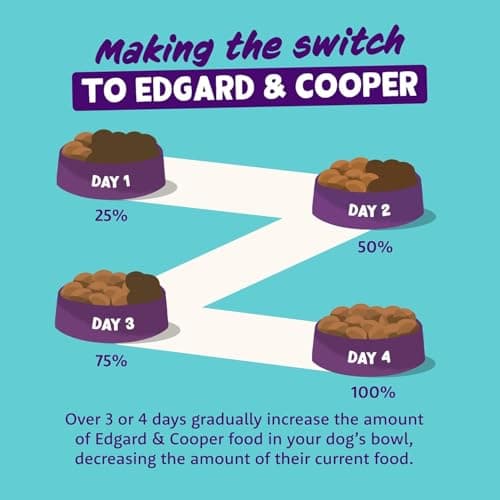 Edgard & Cooper Multipack Dog 4 x 300 g - Image 8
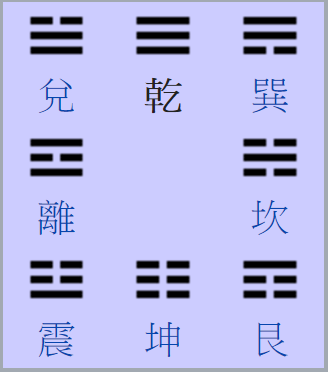 台股卦象「厲、無咎」 - 阿布波 - HiStock嗨投資理財社群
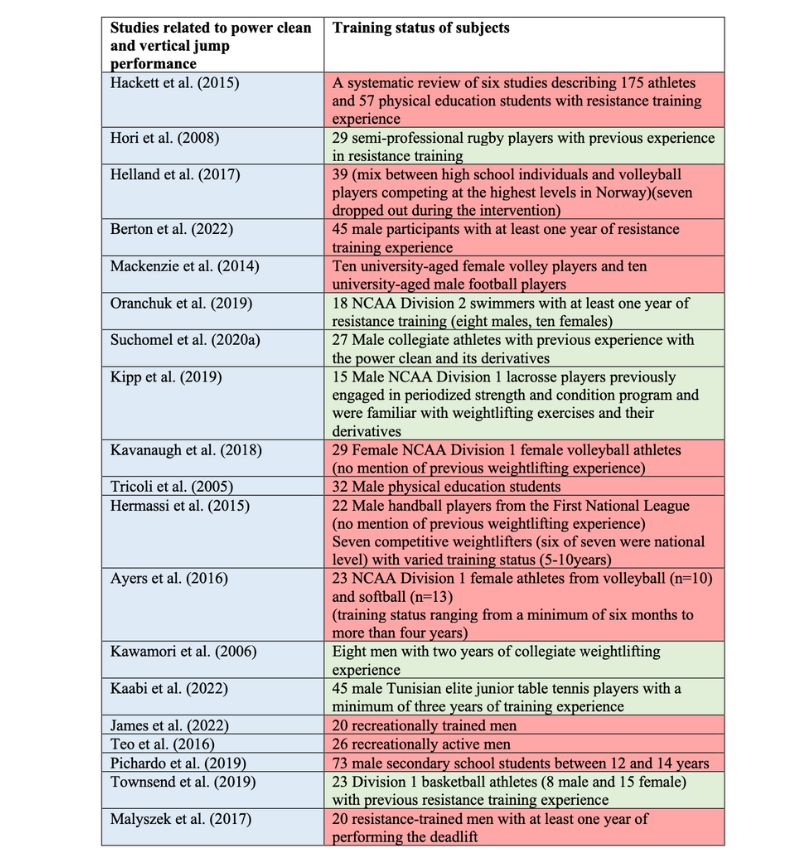 Inclusion Exclusion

→ **Exercise goal**:
Please retype the listing in full, exactly as given, and skip every image.

→ **Response to this task**:
 Edgard & Cooper Multipack Dog 4 x 300 g - Image 8
 台股卦象「厲、無咎」 - 阿布波 - HiStock嗨投資理財社群
 Inclusion Exclusion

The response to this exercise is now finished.